======== Materials provided ========

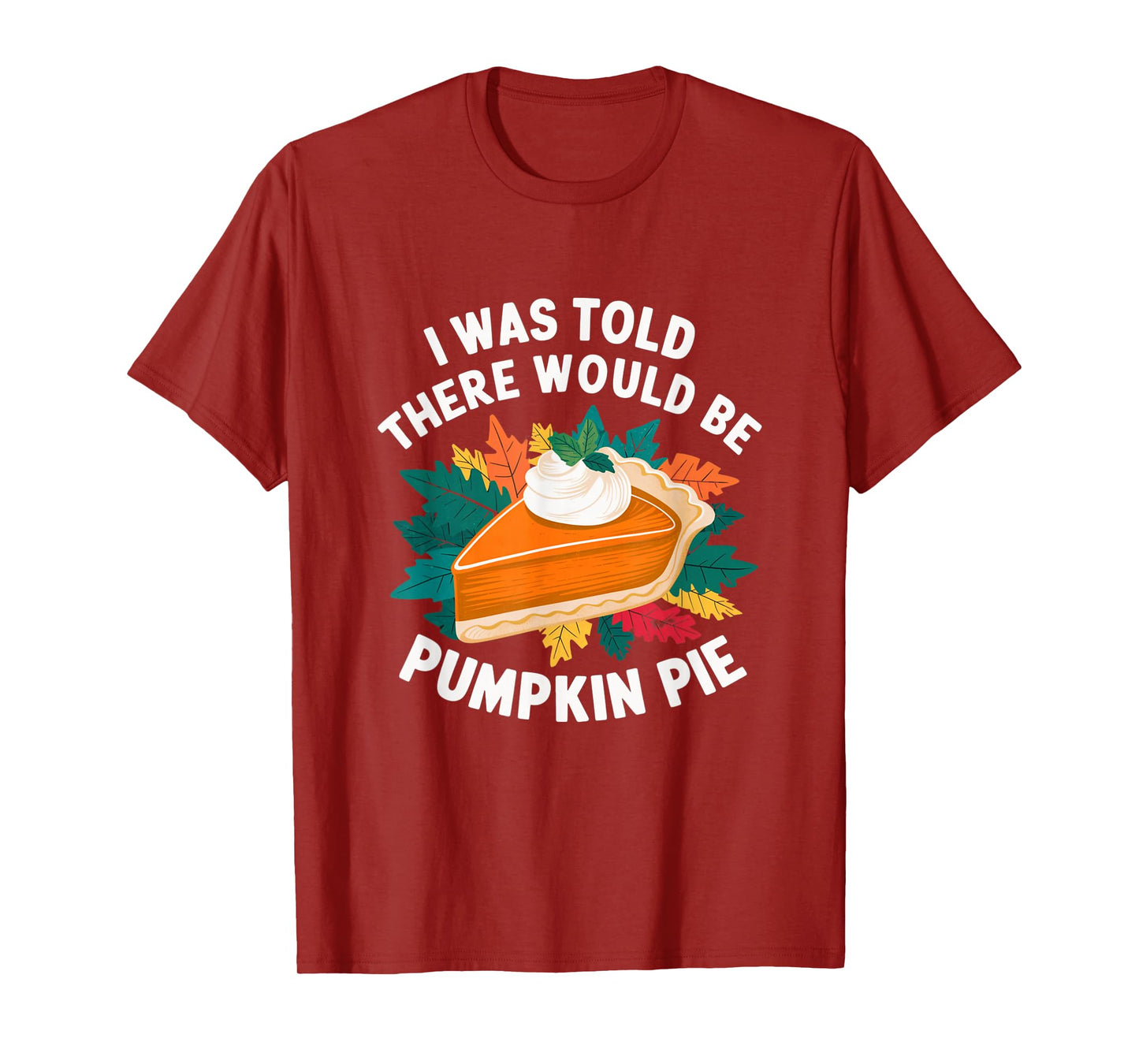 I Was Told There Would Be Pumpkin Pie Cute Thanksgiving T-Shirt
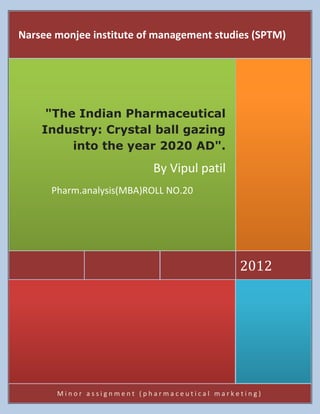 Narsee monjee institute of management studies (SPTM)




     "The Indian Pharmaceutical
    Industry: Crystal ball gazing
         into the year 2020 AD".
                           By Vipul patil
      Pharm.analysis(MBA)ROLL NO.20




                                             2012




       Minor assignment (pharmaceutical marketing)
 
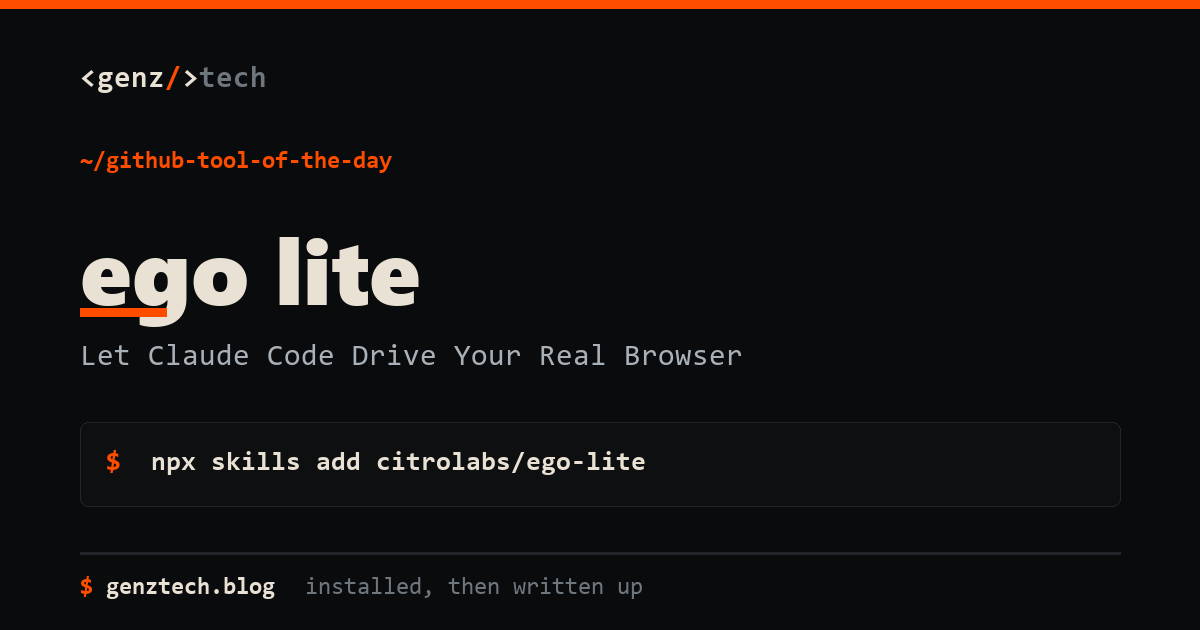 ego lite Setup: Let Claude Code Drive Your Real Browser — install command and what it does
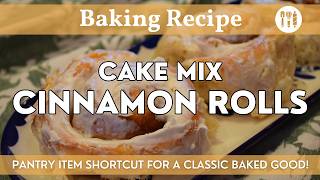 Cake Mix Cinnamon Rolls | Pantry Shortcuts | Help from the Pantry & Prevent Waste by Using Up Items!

========
======== Materials provided ========

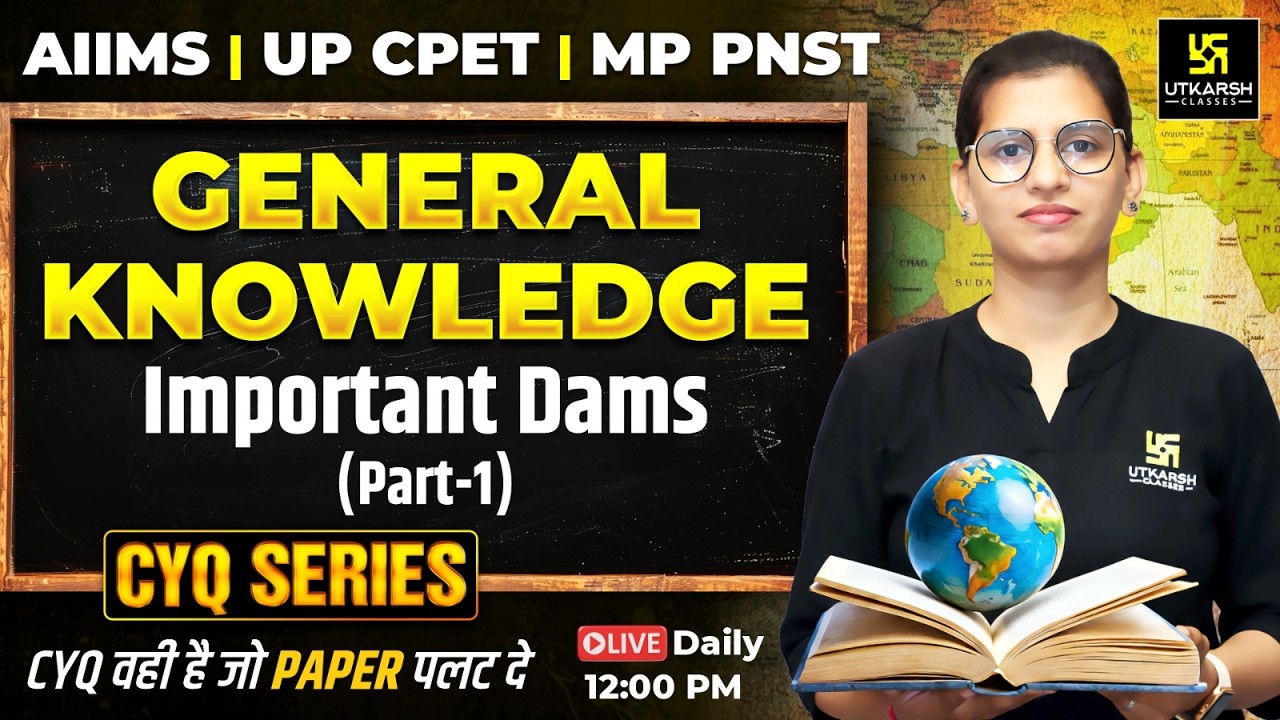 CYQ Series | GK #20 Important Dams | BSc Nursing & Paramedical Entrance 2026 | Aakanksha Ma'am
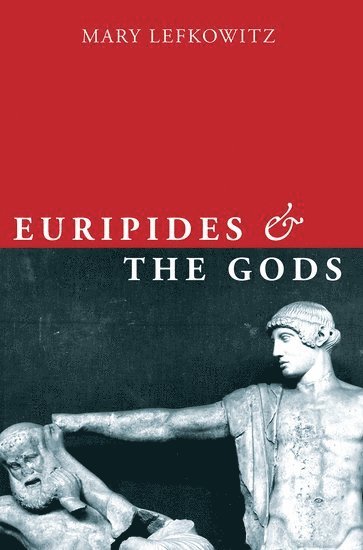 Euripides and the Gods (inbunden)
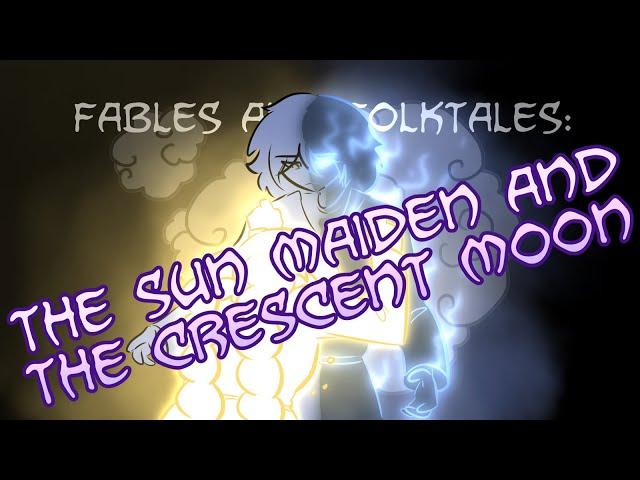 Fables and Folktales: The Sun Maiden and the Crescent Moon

========
======== Materials provided ========

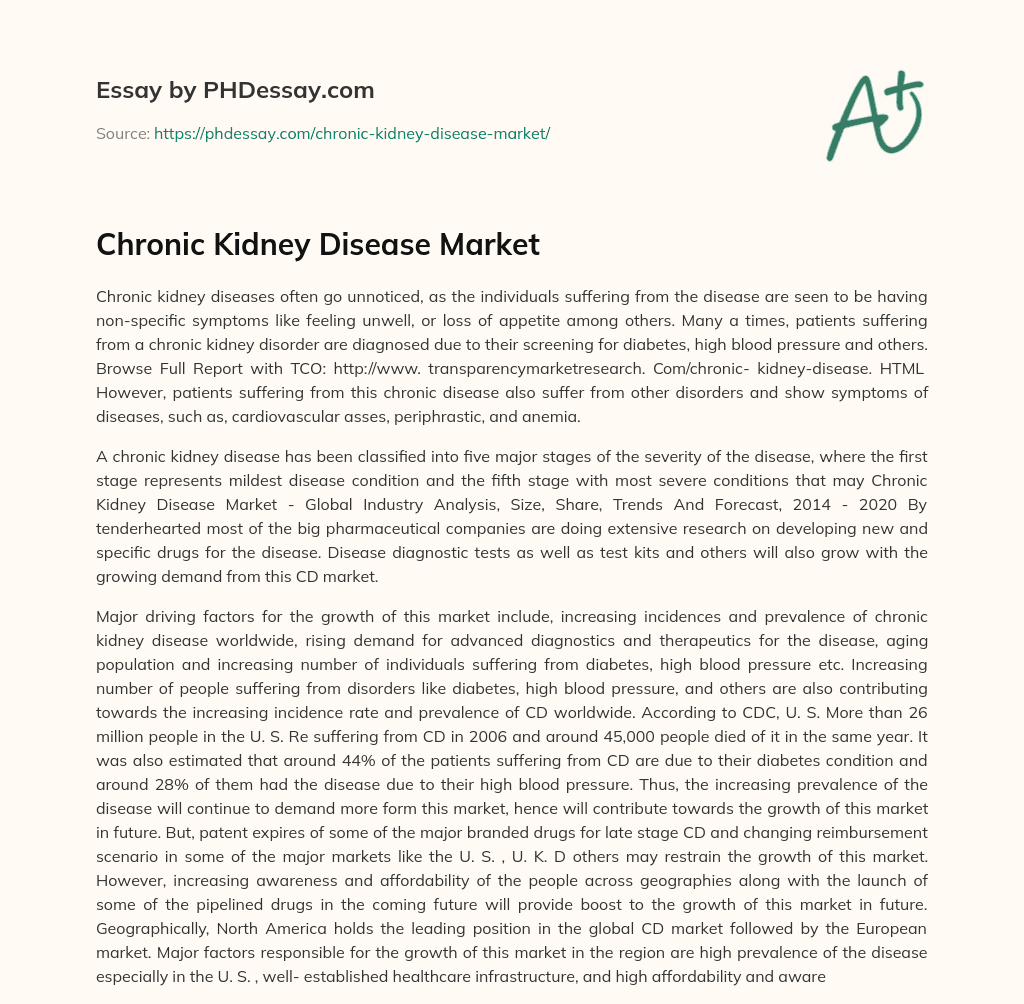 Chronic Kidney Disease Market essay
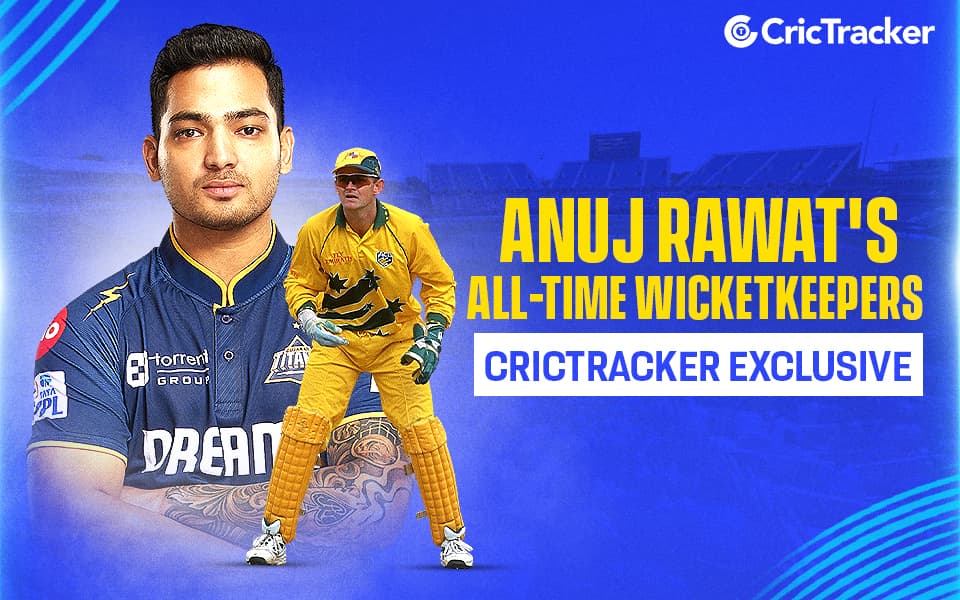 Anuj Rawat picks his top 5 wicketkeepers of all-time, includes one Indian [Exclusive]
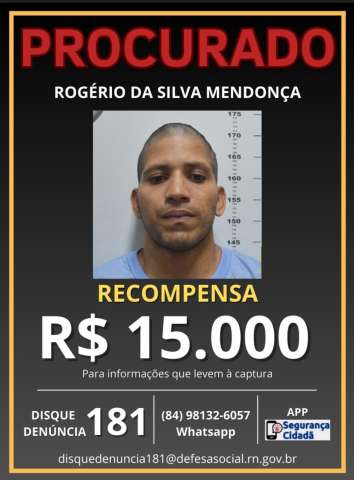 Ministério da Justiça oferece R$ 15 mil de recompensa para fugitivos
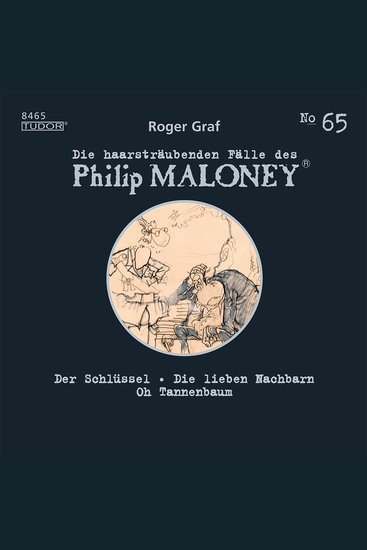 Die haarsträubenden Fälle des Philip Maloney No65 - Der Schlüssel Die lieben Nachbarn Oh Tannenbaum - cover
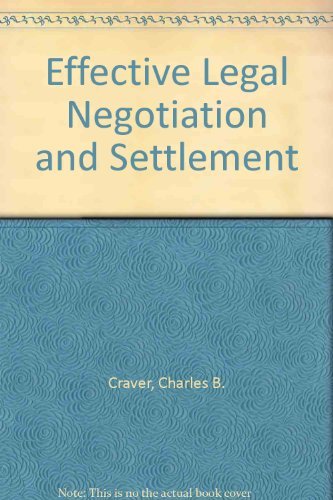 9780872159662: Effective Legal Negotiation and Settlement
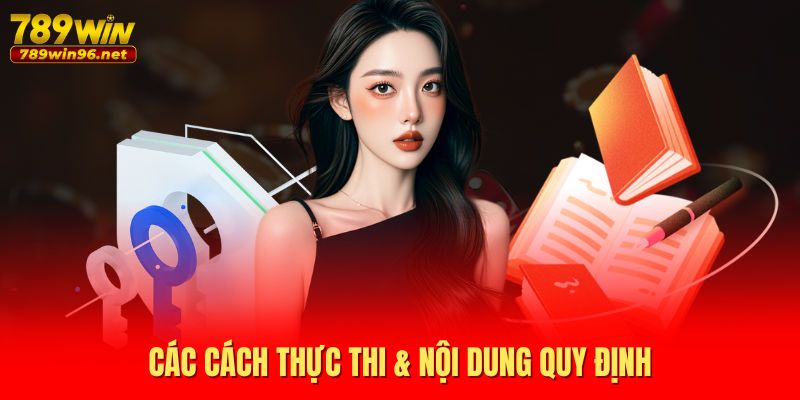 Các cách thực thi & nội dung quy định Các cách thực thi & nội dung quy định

========

Your task: Would you copy out, exactly and with no pictures, only the lines above from the one that contains "Ministério da Justiça" through the one that contains "Các cách thực thi & nội dung quy định Các"?

Response box:
 Ministério da Justiça oferece R$ 15 mil de recompensa para fugitivos
 Die haarsträubenden Fälle des Philip Maloney No65 - Der Schlüssel Die lieben Nachbarn Oh Tannenbaum - cover
 9780872159662: Effective Legal Negotiation and Settlement
 Các cách thực thi & nội dung quy định Các cách thực thi & nội dung quy định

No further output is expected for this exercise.